AIM OF THE TASK: Please repeat nothing except the lines from the one containing "نماذج امتحانات الصف" through the end of the records, exactly and without pictures.

Collected data:

--

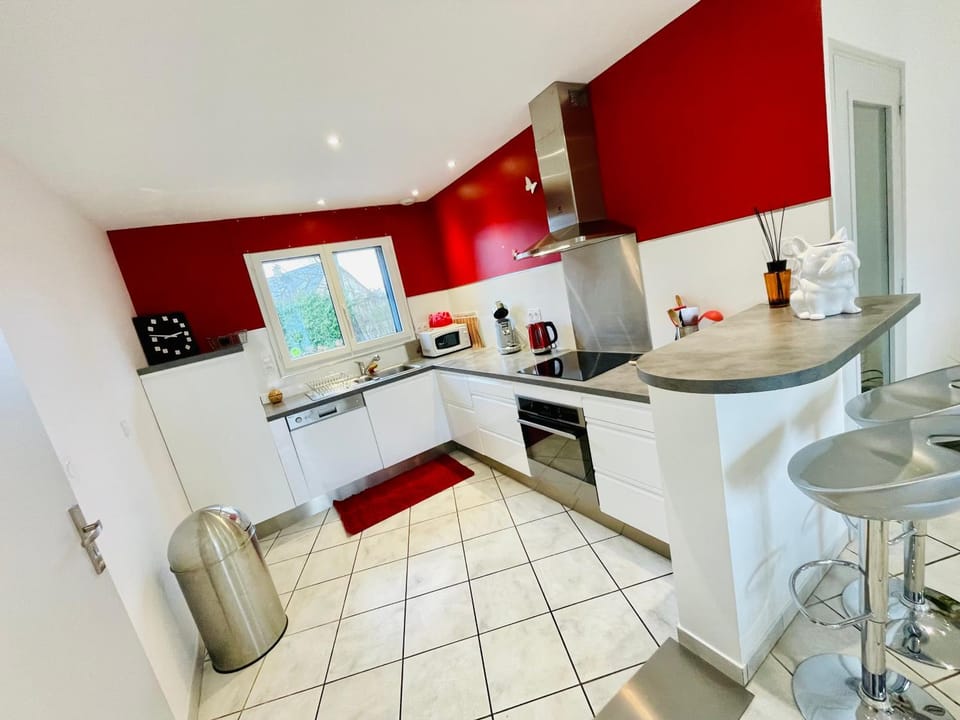 Maison T2 de 70 m2 avec jardin et véranda House in Occitanie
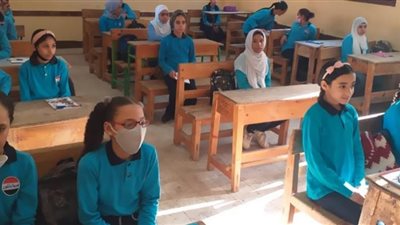 نماذج امتحانات الصف الرابع الابتدائي في جميع المواد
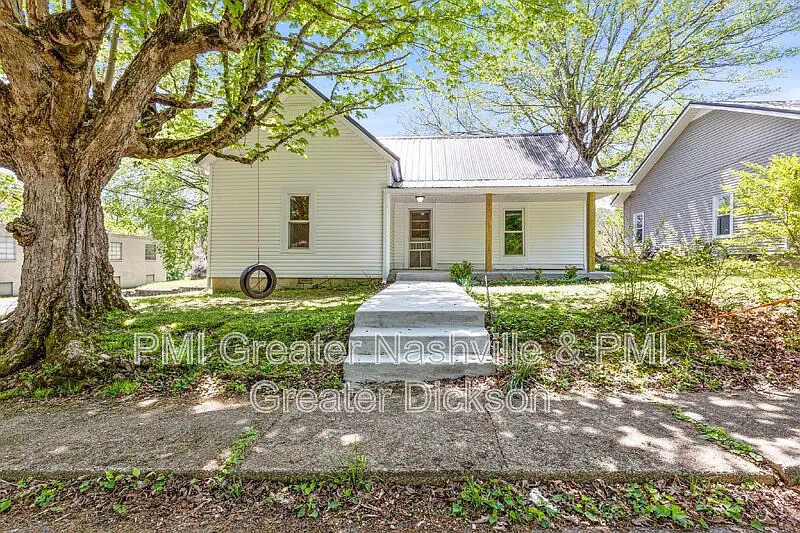 3 bed, 2.0 bath, 1132 sqft, $1,900 — Photo 2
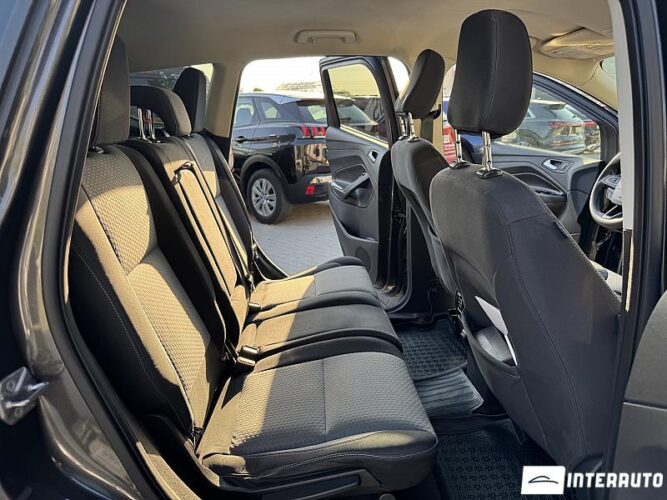 Ford Escape 45 interauto-car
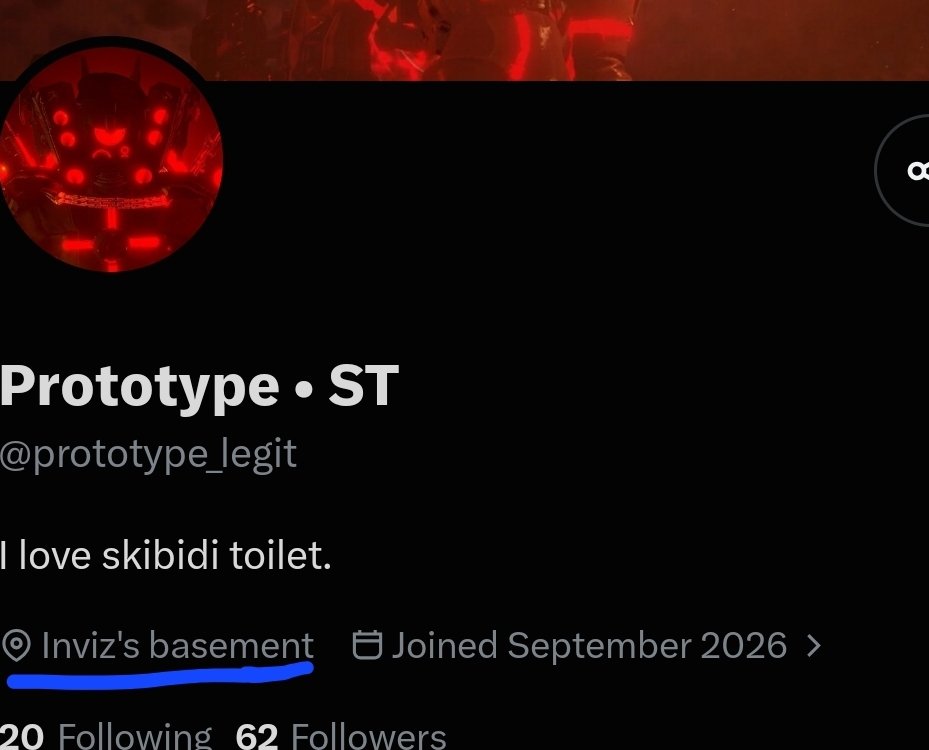 BlueOpal9514's tweet photo. @prototype_legit I can see why it says inviz's basement you are officially the biggest Invisible Narratives blazer in history https://t.co/xO1zSGtCwt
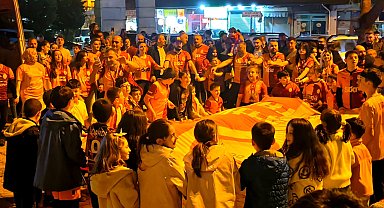 Artvin'de Galatasaray'ın şampiyonluğu horonlarla kutlandı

--

SOLUTION TO THE EXERCISE:
 نماذج امتحانات الصف الرابع الابتدائي في جميع المواد
 3 bed, 2.0 bath, 1132 sqft, $1,900 — Photo 2
 Ford Escape 45 interauto-car
 BlueOpal9514's tweet photo. @prototype_legit I can see why it says inviz's basement you are officially the biggest Invisible Narratives blazer in history https://t.co/xO1zSGtCwt
 Artvin'de Galatasaray'ın şampiyonluğu horonlarla kutlandı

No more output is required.